• [How to complete this task]: Taking the line with "Kit WYLIE iPhone" as the first and the line with "Axolotl Reading A" as the last, set down the lines below exactly, pictures excluded.

• [Record excerpts]:
-------------------------
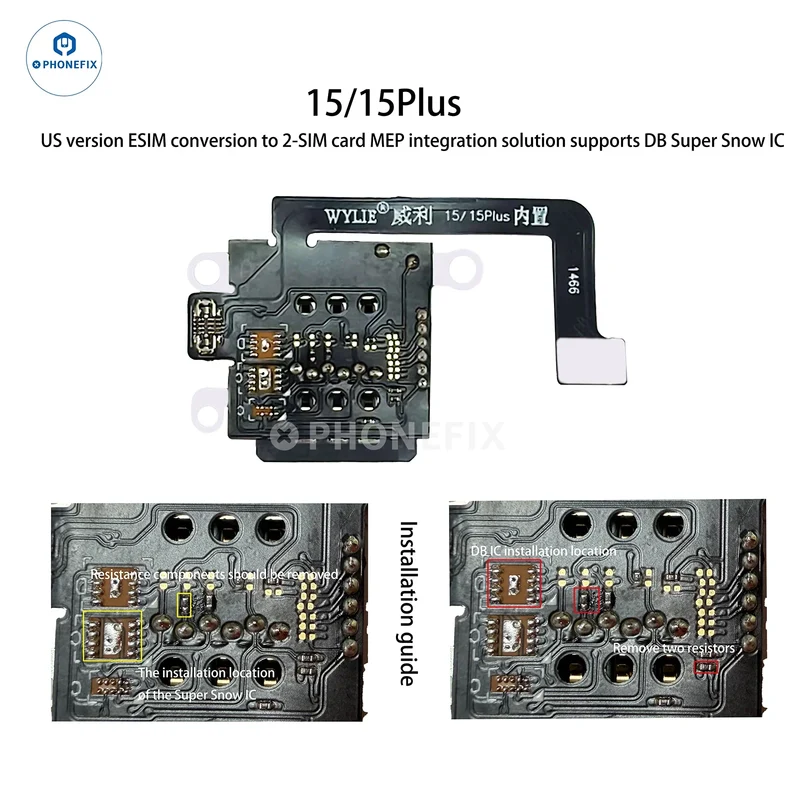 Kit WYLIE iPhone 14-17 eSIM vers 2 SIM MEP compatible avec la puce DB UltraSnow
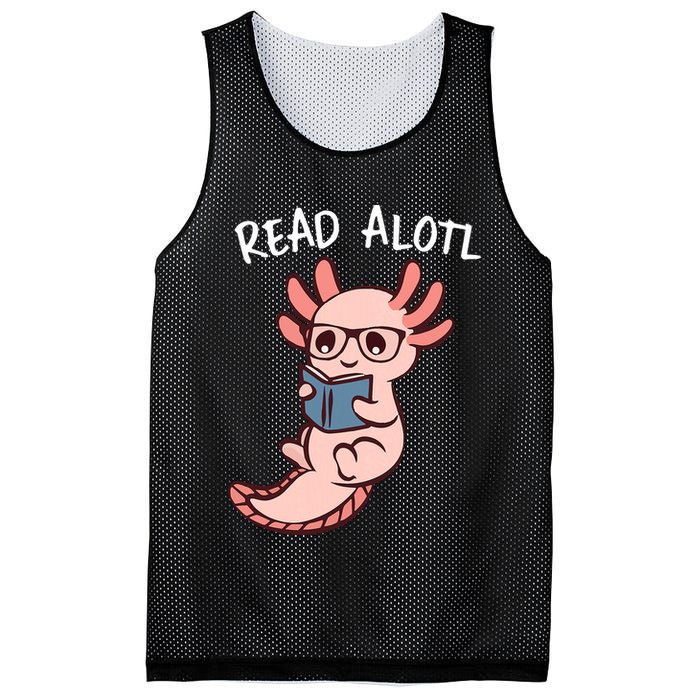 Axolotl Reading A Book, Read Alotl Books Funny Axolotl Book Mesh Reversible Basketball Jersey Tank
-------------------------
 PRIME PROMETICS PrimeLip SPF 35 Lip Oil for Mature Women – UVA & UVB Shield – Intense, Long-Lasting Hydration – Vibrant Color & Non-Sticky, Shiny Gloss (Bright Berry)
-------------------------
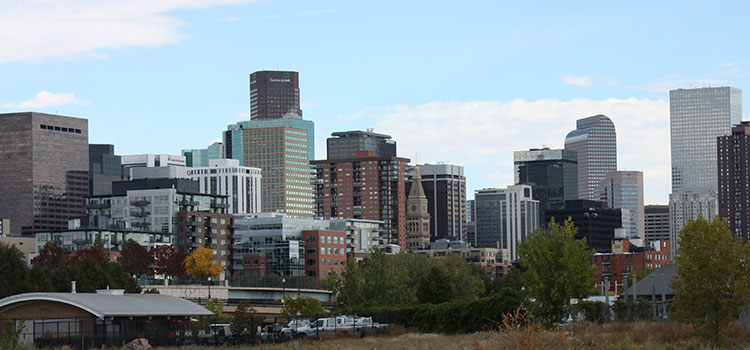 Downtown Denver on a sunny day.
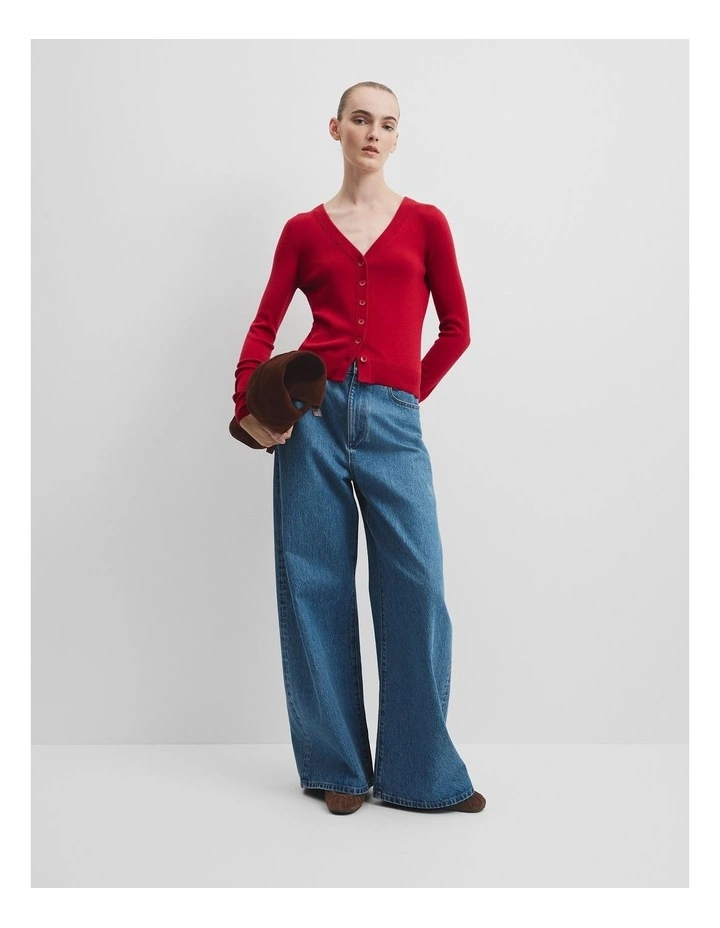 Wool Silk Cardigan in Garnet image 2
-------------------------
• [Exercise response]:
 Kit WYLIE iPhone 14-17 eSIM vers 2 SIM MEP compatible avec la puce DB UltraSnow
 Axolotl Reading A Book, Read Alotl Books Funny Axolotl Book Mesh Reversible Basketball Jersey Tank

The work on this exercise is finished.